Introduction
What is Amazon’s Best Seller Rank?
How did we get the initial sales data? I have been selling professionally on Amazon and have been tracking my own sales vs ranks for all my products in various categories. Additionally I interviewed other professional sellers to get an approximate idea of their sales.
With all the data obtained, cleaned and setup I entered the next phase of design: Choosing the best framework for Predictive Analysis
Enter Spark
While no clear answer was provided we certainly know that Spark alone is not the future of data analysis. We depended on a number of third-party tools like Stanford NLP for natural language parsing and tensor flow for image analysis but Spark formed the backbone of almost all of it.
While there might be some truth to the above chart I tend to believe the Spark has not reached peak hype yet. Or maybe it seems that way from here down under in Australia and probably Spark has surpassed peak in the Silicon Valley.
This trained model is then read by the Spark in Spring Boot to quickly make predictions or process any incoming information from web users in real time. With all the infrastructure setup we had estimated a week to complete the linear regression algorithms or worst case scenario of two weeks if the problem turned out to be the more complex log-linear regression.
Houston, We have a problem
val glr = new GeneralizedLinearRegression() .setFamily("gaussian") .setLink("identity") .setMaxIter(100) .setRegParam(0.4)
So it looked like a log-linear model and I assumed the poisson family of GeneralizedLinearRegression would be a good fit. We changed the GLM family to poisson and ran the tests few more times however the Mean Squared Error & the RMSE was too huge.

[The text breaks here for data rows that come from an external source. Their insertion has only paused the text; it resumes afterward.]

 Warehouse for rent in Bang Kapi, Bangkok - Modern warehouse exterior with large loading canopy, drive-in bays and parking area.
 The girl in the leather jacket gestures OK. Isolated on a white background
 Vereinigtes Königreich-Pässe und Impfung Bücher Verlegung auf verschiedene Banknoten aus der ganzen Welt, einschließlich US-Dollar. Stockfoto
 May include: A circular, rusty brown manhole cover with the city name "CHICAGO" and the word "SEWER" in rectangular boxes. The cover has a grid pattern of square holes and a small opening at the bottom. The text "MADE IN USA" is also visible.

I suspect Spark has issues in dealing with sparse data.
With limited amount of input data, Spark MSE was too high and even for our products for which we knew the sales, the predicted sales were way off the mark.

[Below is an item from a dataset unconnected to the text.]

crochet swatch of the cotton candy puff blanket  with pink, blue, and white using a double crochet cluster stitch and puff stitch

Over the next few weeks I spent my time trying out all combinations of Regression family on Spark and none of them gave the desired results. I had absolutely no idea on how to proceed now and this reminded me of this quote by Dan Ariely
“Big data is like teenage sex: everyone talks about it, nobody really knows how to do it, everyone thinks everyone else is doing it, so everyone claims they are doing it…”

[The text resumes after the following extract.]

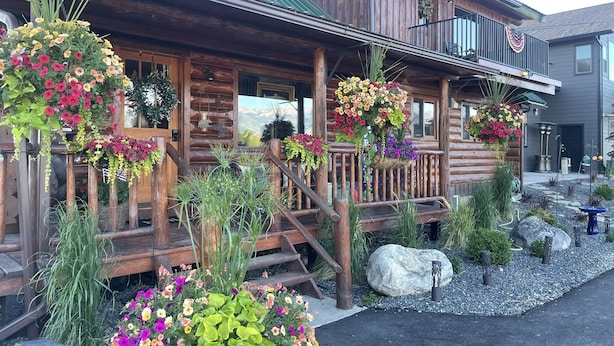 Eine Holzblockhütte mit Veranda, verziert mit hängenden Blumenkörben und Topfpflanzen.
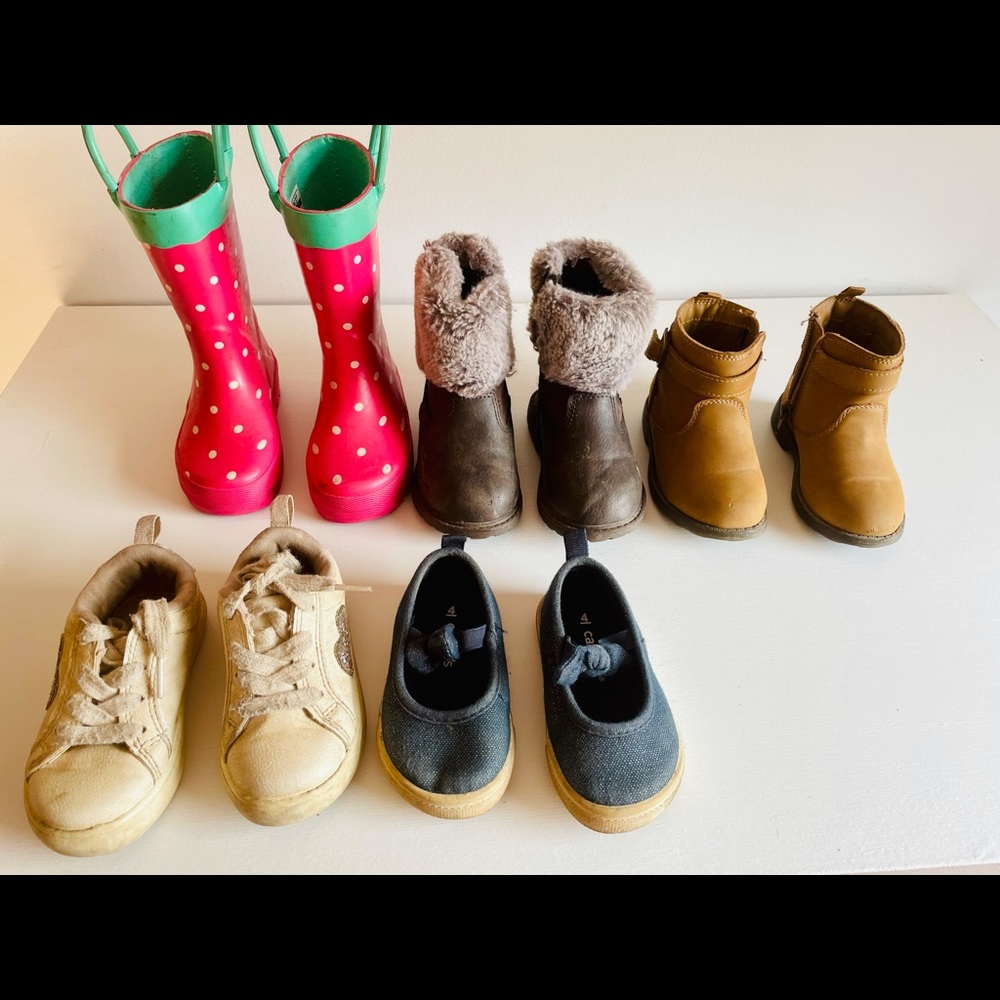 The 3 pairs of boots and the white sneakers are size 5. Blue pair is a size 4.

My last resort was to use Deep Neural Network Learning. I had completed the Andrew Ng course on Machine Learning when he has first launched it and I cannot recommend it enough. Now my aim was to use Neural Network to solve this problem.
We must go Deeper.
I eventually made the decision to keep Spark for big data analysis however we would resort to other libraries for Deep Learning.
I narrowed down my choices to two libraries
1) DeepLearning4J
2) Sparkling water- H2O
I was particularly impressed with this article that discusses how H2O deep learning was used to predict crimes and arrests in San Francisco and Chicago. Since our future use cases are similar where we will be predicting fraudulent users and fraudulent competitors I decided to plunge into Deep Learning using H20 rather than attempting to work around with Spark ML issues.
Sparkling Water-H2O runs within the Spark framework so I could use their integrated framework without replacing Spark. This was a definite bonus for me. Also the documentation was nicely done and I was thoroughly impressed with H2o web-UI , Flow.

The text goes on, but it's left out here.